24 de junho de 2025O juiz do Conselho Constitucional Albano Macie afirmou, na segunda-feira (23.06), que o que aconteceu em Moçambique depois das eleições gerais de outubro não foram manifestações, mas sim uma "insurreição fracassada", que só não foi avante porque o grupo que organizou os protestos não teve o apoio das Forças Armadas.
Em entrevista à DW, Wilker Dias, diretor da Plataforma Decide, organização não-governamental que acompanha os processos eleitorais em Moçambique, diz que as declarações só provam as "inclinações partidárias" de alguns tribunais. O que devia estar a ser discutido neste momento, sublinha, seria a reforma do Conselho Constitucional.
DW África: Como avalia os pronunciamentos do juiz do Conselho Constitucional Albano Macie sobre a suposta "insurreição fracassada"?
Wilker Dias (WD): Estes pronunciamentos revelam um pouco aquilo que já vinha sendo matéria de debate nos últimos tempos, de que alguns tribunais se encontram, infelizmente, capturados por inclinações partidárias. Quem é moçambicano conhece, de forma direta, a realidade que o país vivenciou.
Se analisarmos bem, as últimas eleições foram de fraudes, tal como as eleições anteriores. É um ciclo repetitivo que acaba trazendo as suas consequências. Houve uma miscelânea de razões para os protestos – além da insatisfação com os resultados, também houve fatores sociais que os motivaram. Portanto, afirmar que as últimas manifestações não tiveram um cunho eleitoral é revelar que não se domina a realidade do país.
DW África: Sendo assim, devia estar a ser discutida uma verdadeira reforma do Constitucional, relembrando que as manifestações se intensificaram, sobretudo, depois de o Conselho Constitucional ter validado os resultados das eleições de 9 de outubro?

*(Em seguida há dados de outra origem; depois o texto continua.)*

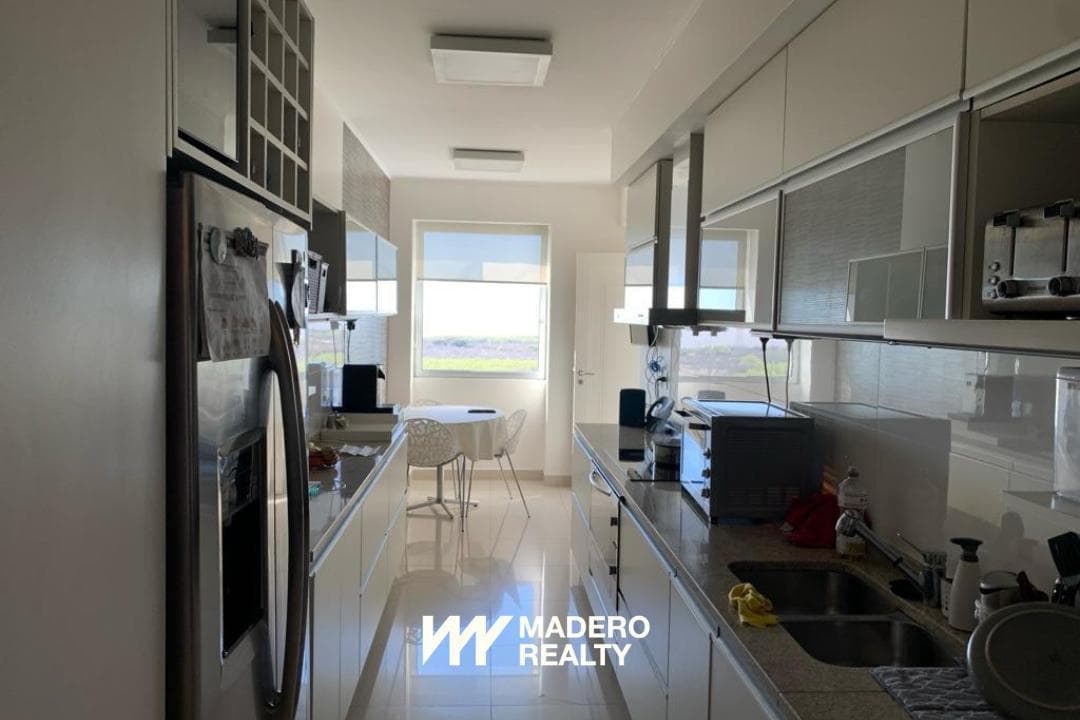 Renoir 1 - 4 Ambientes - 3 Dorm. - 4 Baños - 1 Toilette - 2 Cocheras - 180 m² 3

WD: A reforma do Conselho Constitucional é uma das grandes prioridades. O Conselho Constitucional não é imparcial, não consegue fazer dignamente o trabalho para que foi criado, em termos constitucionais. Não consegue fazer isso. Estes pronunciamentos do juiz conselheiro demonstram, de forma evidente, que é necessária uma reforma.
DW África: Falemos também da Comissão para o Diálogo de Paz e Reformas em Moçambique, que terá três membros da sociedade civil. Como será o contributo da sociedade civil para este processo?
WD: Acredito que a intervenção da sociedade civil poderá ser importante, mas há algo que falta para nós sabermos se os resultados serão mesmo aqueles que pretendemos. Porque quando se dá primazia à Comissão [Técnica] ou aos partidos políticos para escolherem, entre os candidatos existentes, quem serão os três [membros da sociedade civil], isso acaba suscitando diversas dúvidas sobre transparência. Porque é que não deixaram a sociedade civil, por si só, indicar de forma direta os seus elementos para os três lugares?
Além disso, três lugares não é o suficiente, porque nós temos organizações [não-governamentais], religiosos, académicos e outras personalidades de diversas áreas. Será complicado representar a sociedade civil com apenas três lugares.